Today marks the day that my father died. For a day of such huge significance however, it is not a day that I normally dwell on. I'm always aware in the week that precedes it that it is coming but there is no tradition or event or ritual that is followed to acknowledge the date or passing of time. Perhaps another part of the loss, is the fact that my father is buried far, far away in the country of his birth, so there has never been a place that my family members and I have ever gathered to commiserate or to show our respect. There is no place to lay flowers, no gravestone to clean or polish and this is not something I have ever grieved since it has not been a part of the journey of loss for me. My faith, even since my bereavement at such a tender age, has always given me the assurance that my connection to the father goes beyond any place that his body lays. That said, one of the greatest tortures of my younger years was the tiny seed of doubt that questioned if my father had indeed passed away. Since I never attended his funeral and never saw his lifeless body, perhaps there had been a mistake? For years, if I saw a man who resembled my father, for a moment, that fleeting hopeful, betraying moment, as my heart rate soared I would believe he was alive. Alive! Only for the inevitable - the slightly embarrassed realisation of my error quickly followed by the almost indescribable burn of the loss once more.
It's interesting to me that when I mentioned in passing to my children that today is the day that their grandfather died, they were empathic yet unperturbed. The story of their grandfather's life very much surpasses any focus on his death. By this I mean, my father and his story is inherently built within the fabric of their own lives. He is living and present in this way. He is part of our conversations and a part of our storytelling. He is part of them in name and his blood runs through their veins, something they proudly wear on their sleeves.
Up until I was I think five or six years old, I obsessively carried my baby blanket around with me.
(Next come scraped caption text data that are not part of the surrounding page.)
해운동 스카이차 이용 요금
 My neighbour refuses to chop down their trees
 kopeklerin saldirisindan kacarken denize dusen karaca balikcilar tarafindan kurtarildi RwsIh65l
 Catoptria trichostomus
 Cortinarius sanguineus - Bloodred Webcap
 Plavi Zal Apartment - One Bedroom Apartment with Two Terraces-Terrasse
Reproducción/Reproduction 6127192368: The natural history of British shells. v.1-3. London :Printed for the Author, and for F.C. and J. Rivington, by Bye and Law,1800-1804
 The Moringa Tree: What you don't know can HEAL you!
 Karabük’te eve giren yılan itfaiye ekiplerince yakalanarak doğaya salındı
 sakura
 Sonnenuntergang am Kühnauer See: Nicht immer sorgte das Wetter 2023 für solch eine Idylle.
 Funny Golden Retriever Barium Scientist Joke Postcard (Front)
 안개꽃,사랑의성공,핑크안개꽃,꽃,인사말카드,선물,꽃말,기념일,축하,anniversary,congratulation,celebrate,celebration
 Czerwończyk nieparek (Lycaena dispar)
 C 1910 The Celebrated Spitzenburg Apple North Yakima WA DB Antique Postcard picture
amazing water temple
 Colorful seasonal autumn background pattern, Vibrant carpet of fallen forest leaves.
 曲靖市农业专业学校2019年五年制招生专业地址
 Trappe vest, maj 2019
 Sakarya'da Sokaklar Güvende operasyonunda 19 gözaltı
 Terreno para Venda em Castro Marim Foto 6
It was named 'shawlie'. One day my brother, my elder by seven years, challenged me to throw my shawlie into the sea. I watched my companion of five/six years slowly and then very, very quickly disappear up and over the crashing white waves suddenly processing that this was goodbye. I had thought I was ready to say goodbye, I of course was not. This is still how I feel about my father's death. I think I am ready to accept the abscence and say goodbye once and for all but of course I am not. He is further and further out to sea, drifting always, out of my reach. If I squint, I might just catch sight of him. Some days my hand almost reaches his, on others my hands do not even leave my sides to reach out into the distance and yet, there are those days where I see him standing alongside me on the shore. He is quiet and so am I. He seldom appears in this way but when he does I am left with the whispers of him for days and days.